Only the lines from the one containing "Hai dự án nằm" to the end of the listing below should be returned, exactly as written and without pictures.
BEGIN
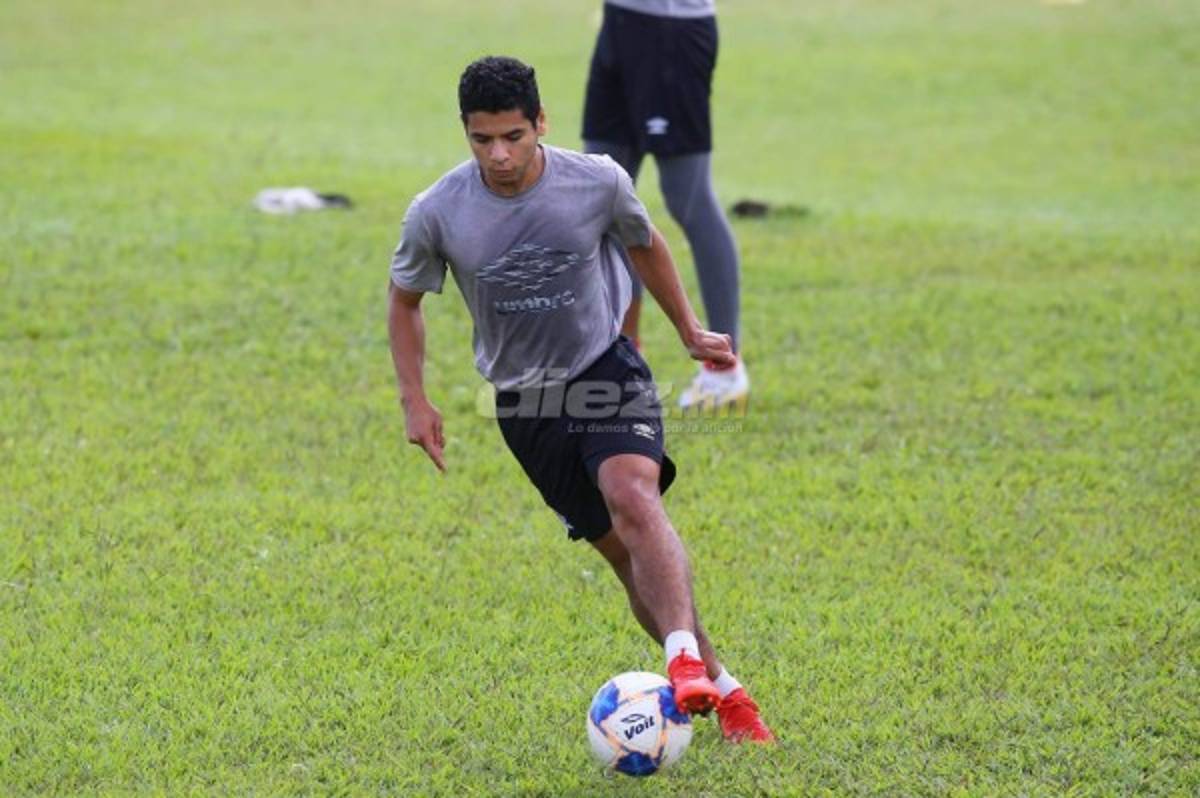 ¡Pasó en Olimpia! Bengtson volvió a ponerse mascarilla a pesar de estar vacunado, y así recibieron a Crisanto
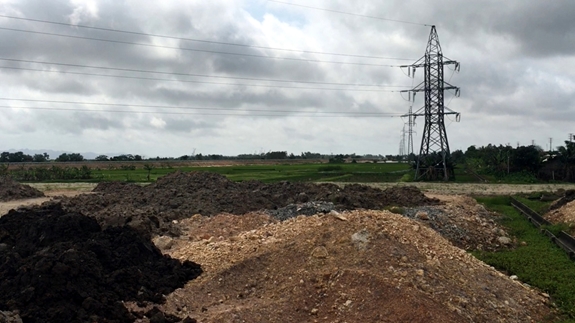 Hai dự án nằm cạnh nhau và đều vi phạm hành lang an toàn lưới điện 110KV Chợ Rộc-Cát Bà.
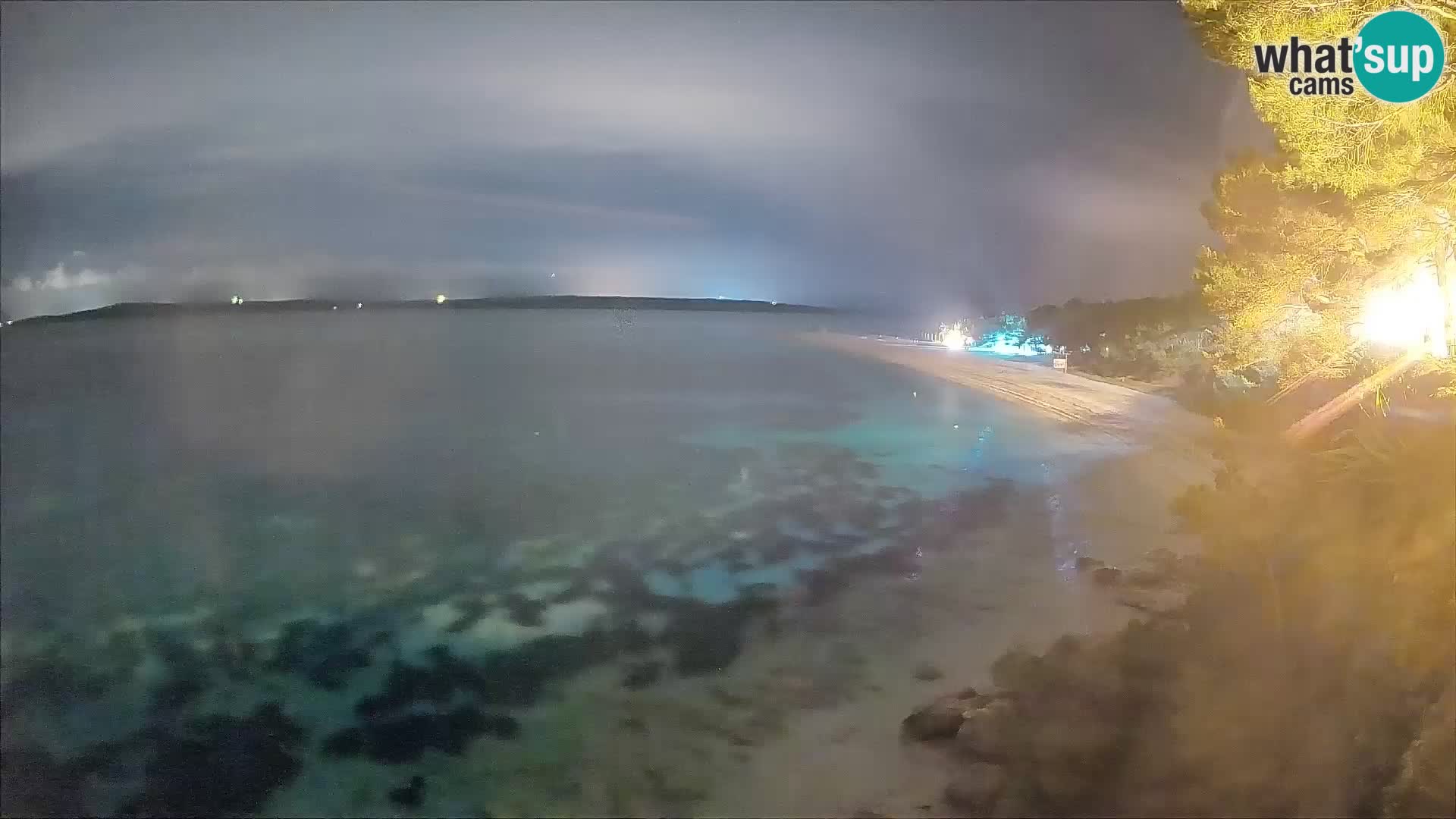 Spletna kamera Bol Zlatni Rat – Pogled v živo z otoka Brač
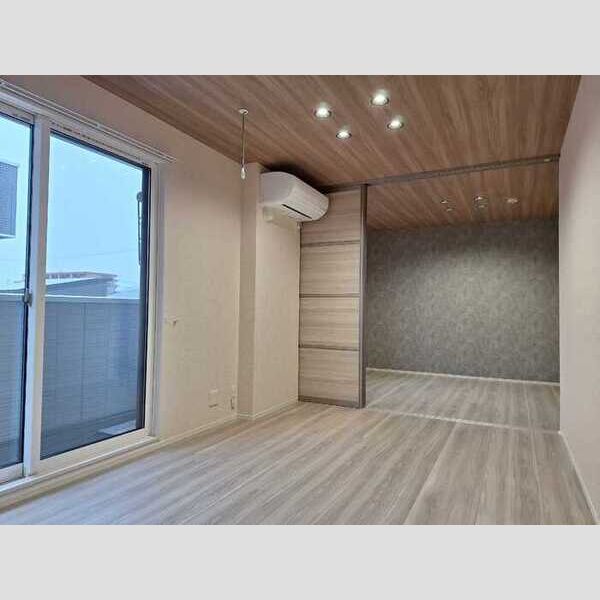 居室・リビング (リビング別方向)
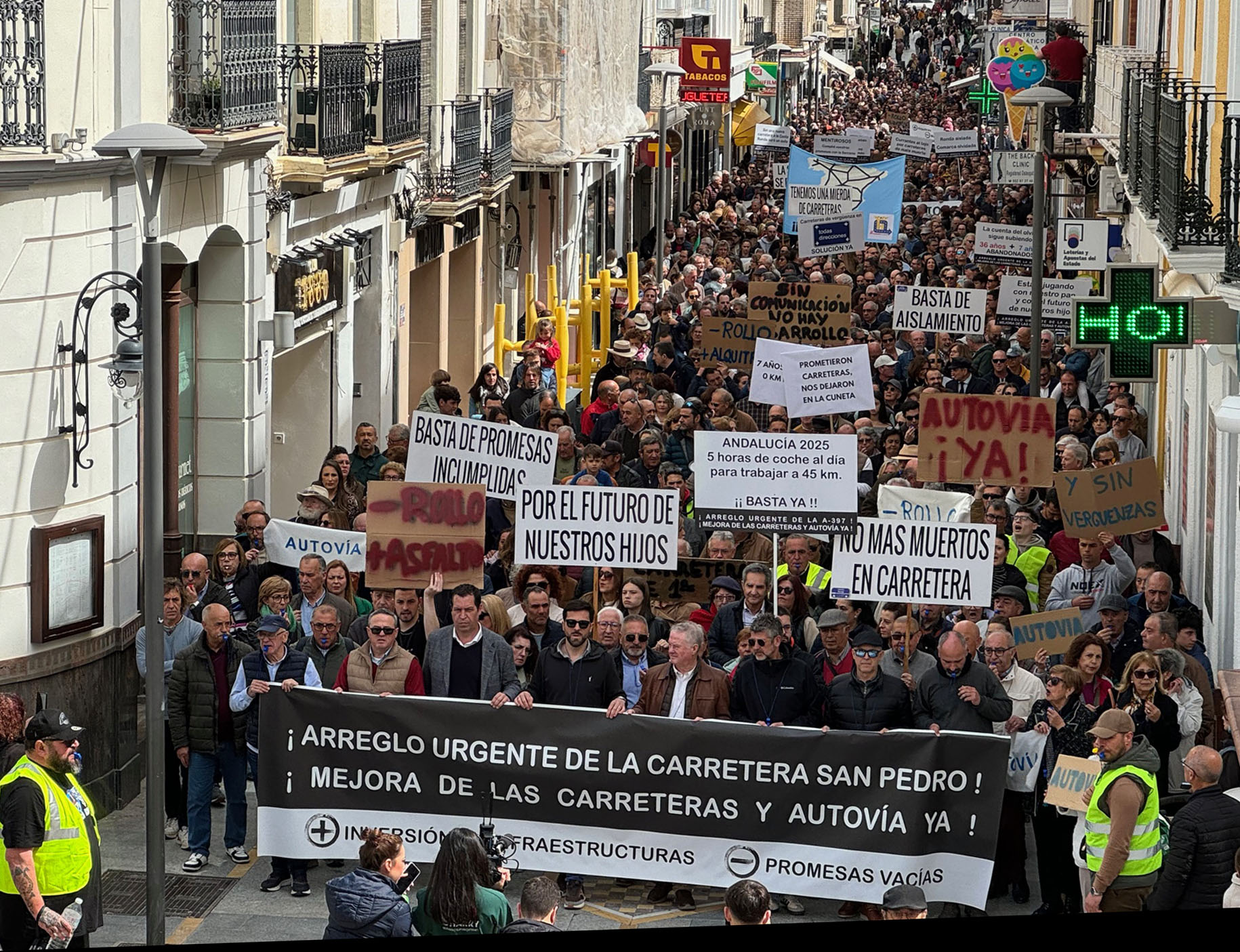 Cerca de 3.000 rondeños y serranos vuelven a clamar por la mejora de las carreteras y la autovía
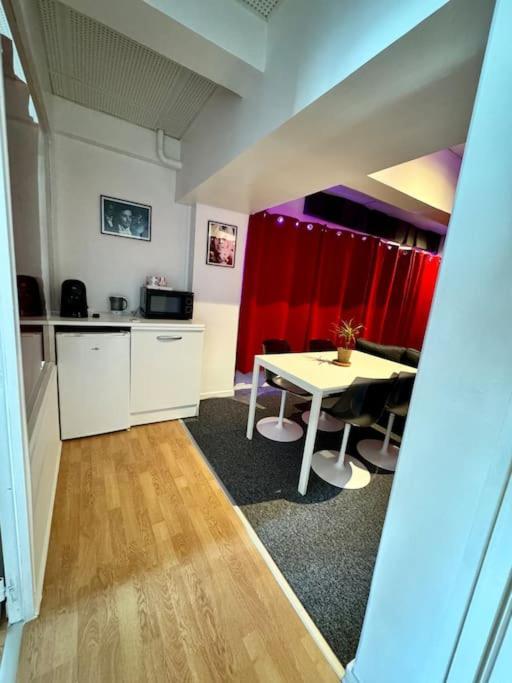 Experience Cinema Immersif Dans Appartement Renove Pres De Montmartre Париж Экстерьер фото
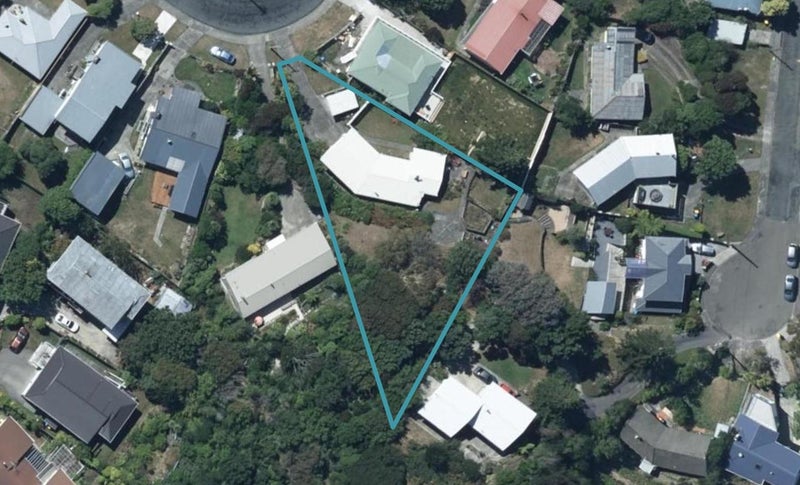 31 Tirowhanga Road, Paremata, Porirua - Carousel 1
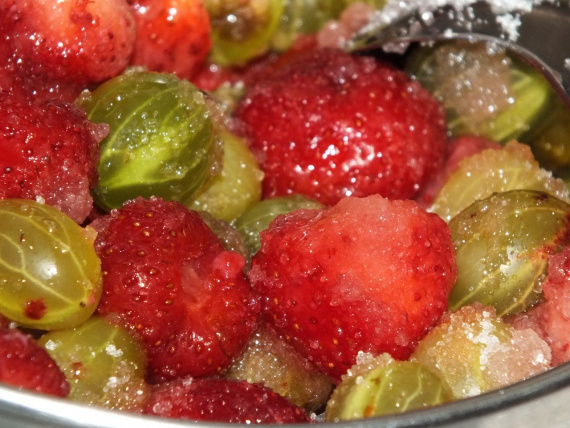 Варенье из крыжовника с клубникой Варенье из крыжовника с клубникой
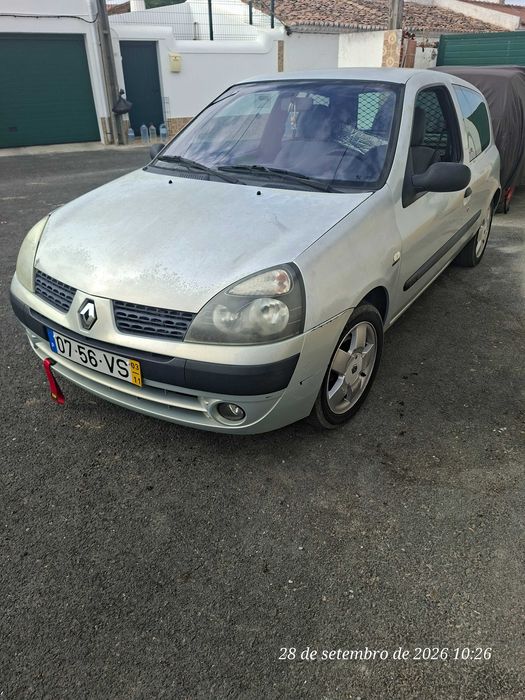 Clio2 1.5dci comercial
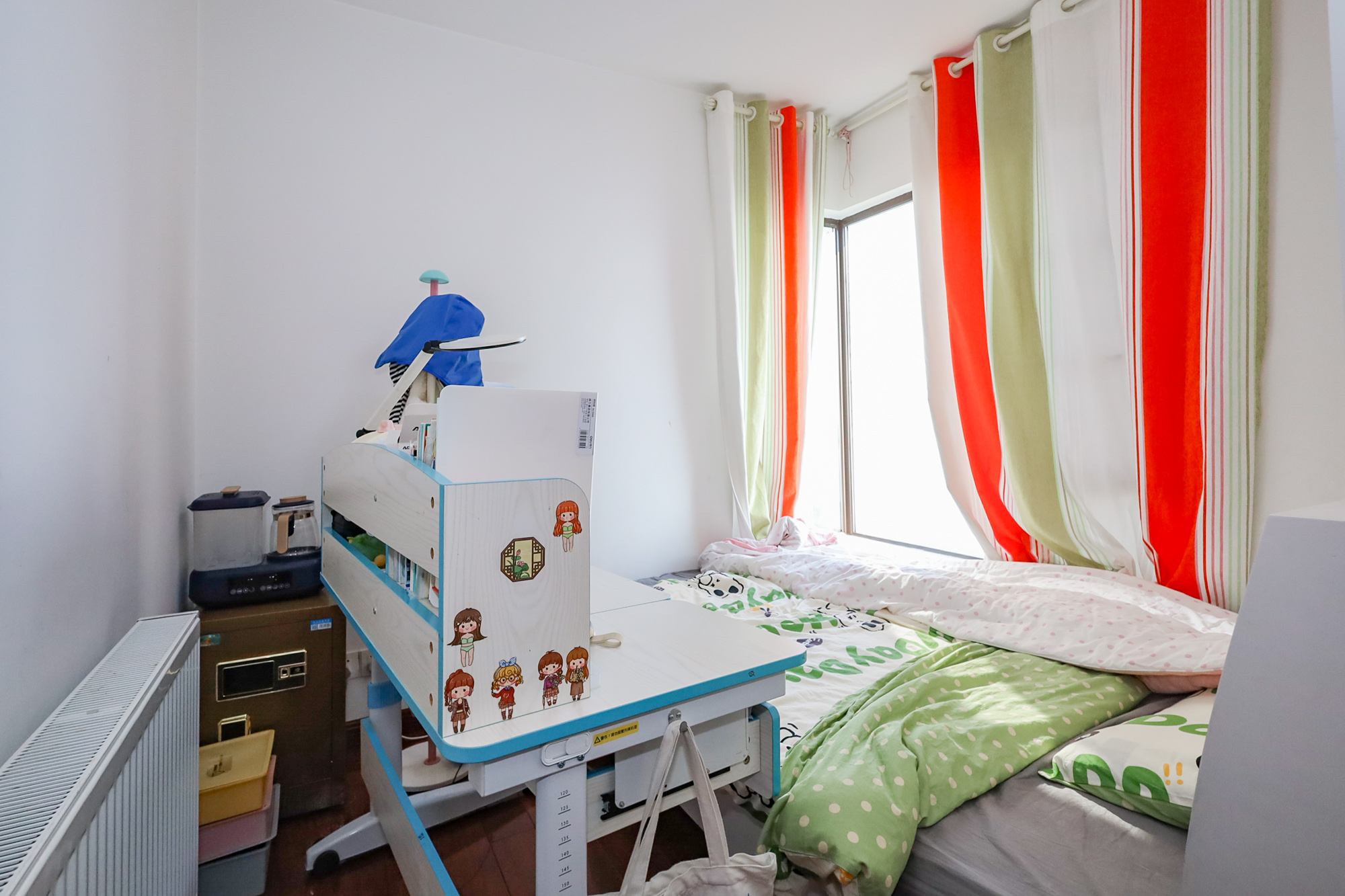 南山雍江汇(滨江国际新城)  4室2厅3卫    209.0万 南山雍江汇(滨江国际新城)  4室2厅3卫    209.0万卧室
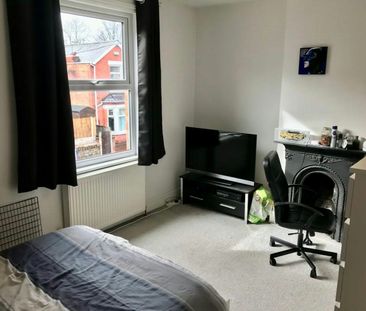 Flat to rent on - Photo 5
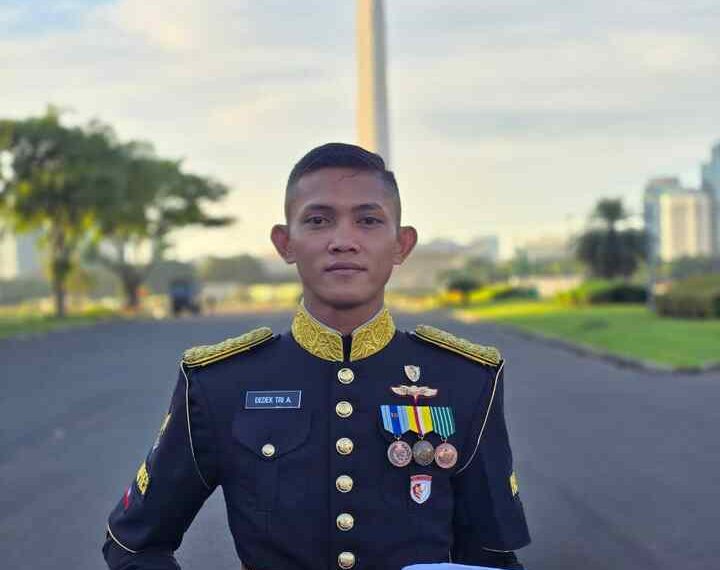 Membanggakan! Dedek Triandika Alumni SMA Muhammadiyah-7 Serbalawan Paspampres di Istana Negara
END
**Result:**
 Hai dự án nằm cạnh nhau và đều vi phạm hành lang an toàn lưới điện 110KV Chợ Rộc-Cát Bà.
 Spletna kamera Bol Zlatni Rat – Pogled v živo z otoka Brač
 居室・リビング (リビング別方向)
 Cerca de 3.000 rondeños y serranos vuelven a clamar por la mejora de las carreteras y la autovía
 Experience Cinema Immersif Dans Appartement Renove Pres De Montmartre Париж Экстерьер фото
 31 Tirowhanga Road, Paremata, Porirua - Carousel 1
 Варенье из крыжовника с клубникой Варенье из крыжовника с клубникой
 Clio2 1.5dci comercial
 南山雍江汇(滨江国际新城)  4室2厅3卫    209.0万 南山雍江汇(滨江国际新城)  4室2厅3卫    209.0万卧室
 Flat to rent on - Photo 5
 Membanggakan! Dedek Triandika Alumni SMA Muhammadiyah-7 Serbalawan Paspampres di Istana Negara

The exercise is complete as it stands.